Sözü, geçtiğimi cuma günü camilerde okunan hutbeye getiren İmamoğlu, Diyanet İşleri Başkanlığı’na yönelik şu eleştirilerde bulundu:
“Basında gündeme gelmedi ya da yeterince gelmedi. Boğaziçi’ndeki öğrencilerin dertlerinin, sıkıntılarının anlaşılmaya çalışıldığı bir haftada gençlere, edep ve ahlak dersi verilen bir Cuma hutbesi okunmasını da manidar buluyorum. Yani Diyanet, 7/24 siyasete devam ediyor, açıkçası. O gün çok üzüntü duydum. İmama ne diyeceksin! İmam, elindeki kağıdı okuyor. Hatta düşündüm ki, bu tür tavsiye veren bir Diyanet'in, mesela, şunu da altına eklemesi lazım: ‘Niye üniversite okumuş 3 gencimizden 2’si işsiz? Ey devletimiz, buna çare bulun.’ Mesela; ‘Niye bizim üniversiteye giden gençlerimizin, neredeyse yüzde 70’i, 75'i yurt dışına gitmek için fırsat kolluyor? Ey devletimiz, buna fırsat vermeyin.’ Ya da mesela; imamın yerinde olsam, Yaradan’a, ‘Gençlerimizi ayrıştırmayan, durduk yere ‘terörist’ vesaire gibi tarifler kullanmayan idareciler nasip et gençliğe’ diye dua ederdim. Tekrar söyleyeyim; çok üzüntü duydum.”
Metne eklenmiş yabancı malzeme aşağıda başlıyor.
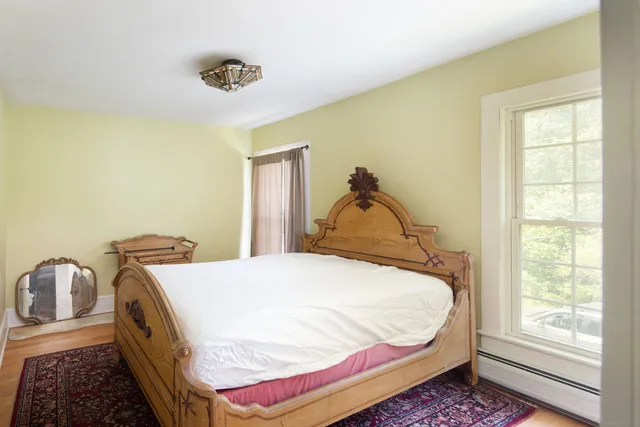 $300,000 | 182 Church Street, North Canaan, CT 06018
“MÜCADELE KAMPÜSTE VERİLMELİ”
Gençlerin, kendilerine yönelik ilgiyi gördüklerinin de ifadeeden İmamoğlu, “Orada gidip kampüste görünmek başka anlamlara taşınabilir. Ben, o anlamların yüklendiği bir siyasi kimlik değilim. İşimi yapmaya, sorumluluğumu yerine getirmeye çalışıyorum. Ama yetkimizi en iyi sizler biliyorsunuz; nerede olup, nerede olmadığını. Bu yönüyle de süreci takip ediyoruz hassasiyetle” dedi. Gençlere tavsiyelerde bulunduğunu da sözlerine ekleyen İmamoğlu, şöyle devam etti:
“Burada da bulunmaktan geri durmayacağım. Gençlerimiz, kendi özgün ve hakkı olan protestolarını yapmaya devam etsinler, etmeliler de. Yanlarındayız. Ama benim önerim, istirhamım; lütfen bunu kampüsün dışına çıkartmayın. Bunu kampüsün dışına çıkartmaya çalışan çağrılar varsa bile bunun yapılmaması gerektiğini düşünüyorum. Bu mücadele orada verilmeli. Şu anki konu; orada haksızlığa uğrayan Boğaziçi Üniversitesi'nin öğrencilerinin, akademisyenlerinin özgürlük hakları, seçim hakları, demokratik hakları. Bunun kampüsün dışına çıkmaması lazım. Bunun, provoke edilme riskini taşıdığı alanlara taşınmaması lazım. Benim bakışım bu. Israrla, ısrarla orada devam etmeliler.”
“YANLARINDAYIZ”
“Çok zeki genç arkadaşlarım onlar. En zekice, en doğru biçimde, en demokratik biçimde mücadelelerini vereceklerinden en ufak bir şüphem yok” diyen İmamoğlu, değerlendirmesini şöyle tamamladı:
“Toplumun büyük bir kesiminin destekleri arkasında o gençlerin. Bu yönde hareket etmelerini de öneriyorum. Siyasetin bu işe bulaşmaması gerektiğini düşünüyorum. Başta milletvekillerimiz olmak üzere, siyasi sorumluğu olan bazı arkadaşlarımız, elbette ki karakolda gidecekler, yanlarında duracaklar. Mahkemede gidecekler, yanlarında duracaklar, takip edecekler. Denetim ve bir haksızlığa uğramama konusunda onlara destek olacaklar. O ayrı. Biz onların, hem gözlerimizle hem kulağımızla hem irademizle yanlarındayız. Bizi sakın kendilerinden uzak düşünmesinler. Her anımızda onları hissederek süreci takip ediyoruz. Ama lütfen, tek bir kişinin bile burnunun kanamaması gerekiyor. Bu tavsiyelerimi de buradan gençlere iletmek isterim.”